FAUST IV
IV was Faust's second release for Richard Branson's fledgling Virgin Records. The band had recently been dropped by Polydor, and though Branson wasn't willing to pay them the huge advance sum manager/svengali/credit-taker Uwe Nettelbeck had nabbed from their previous label, he would let the band use Virgin's state-of-74 recording studios at the Manor in Oxfordshire to cut a new album. Faust left Germany for England, played a few shows, and even managed to compile the super-classic The Faust Tapes for Virgin-- with which they promptly guerilla attacked the UK charts by selling it for half a pound-- all before starting work on what would become IV. They even shared studio space with a young Mike Oldfield, whose Tubular Bells would soon help bankroll Virgin into Really Important Label status.
So, do you know Faust yet? As an album, IV matches the band's trajectory: Jumbled, fragmented, with random data integrity issues, but seeming more the brainchild of inspired pop anarchists than calculating avant-gardists. Yes, the record sounds more "professional" than any of their others, but somehow that doesn't actually equate to slick sounds: Opener "Krautrock" (which Irmler says was inspired by the band's perception of the British still fearing the "krauts") is on the noisiest end of Faust's spectrum, using distortion and feedback as springboards for tripping into galactic clouds. For better than seven minutes, minute gradients of angelic, overdriven major-chord-sheets are exploited by who knows what devices before the drums come in and the track moves from milky, third-ear noise into MINDFUCKING KRAUTROCK. And before you can explode from the sonic congestion, "The Sad Skinhead" starts, replete with ridiculous 60s go-go beat and skank guitar. They sing, "Apart from all the bad times you gave me, I always felt good with you," "Going places, smashing faces-- what else could have happened to us?" I say needlessly: it's a jam. And then they keep going.
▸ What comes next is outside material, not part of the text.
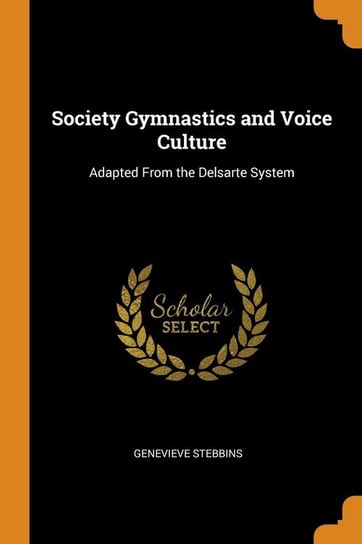 Society Gymnastics and Voice Culture Stebbins Genevieve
"Just a Second (Starts Like That!)" begins as a relatively conventional guitar jam, but soon devolves into electro-noise that reminds me of some of the space-tropical music on Hosono & Yokoo's Cochin Moon-- but the fractured nature of the piece is pure Faust. They go one better on the next track. Right down to the fucked-up tracklisting (which double-confusingly appends names of forthcoming tracks to the previous one), the medley of "Giggy Smile" and "Picnic on a Frozen River" may be the ultimate Faust moment, crossing strains of rock otherwise totally, transitionally opposed-- in this case, fake blues-rock and synthy surf-pop-- in the name of "why the fuck not?" And to no fan's surprise, it is also a magic song.
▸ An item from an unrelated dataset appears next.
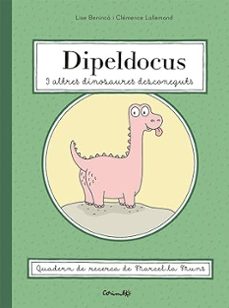 dipeldocus y altres dinosaures desconeguts-lice beninca-clemence lallemand-9788484706700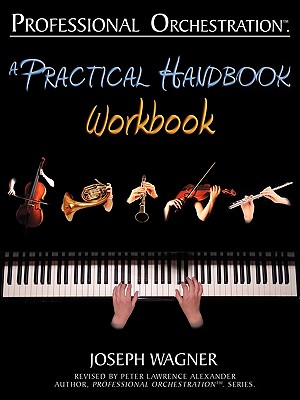 Professional Orchestration: A Practical Handbook - Workbook - Joseph Wagner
IV ends perfectly with Peron's "It's A Bit of a Pain". This is essentially a strange take on pleasantly psychedelic, 70s So Cal country-rock, but its true awesomeness can only be appreciated by following the lyrical narrative:
It's a bit of a pain
To be where I am.
It's a bit of a pain
To be where I am.
But it's all ri-- BBBBBBZZZZZZZZZZZZZZZZZZZZZZZZZZZZZZZZZZZZZZZZ
courtesy of Pitchfork Media, god knows how I would have written about an album that is really hard to understand. It's a classic, and well worth the effort to listen. Track it down and pick it up. Might be one of the oddest things in your collection. Enjoy!!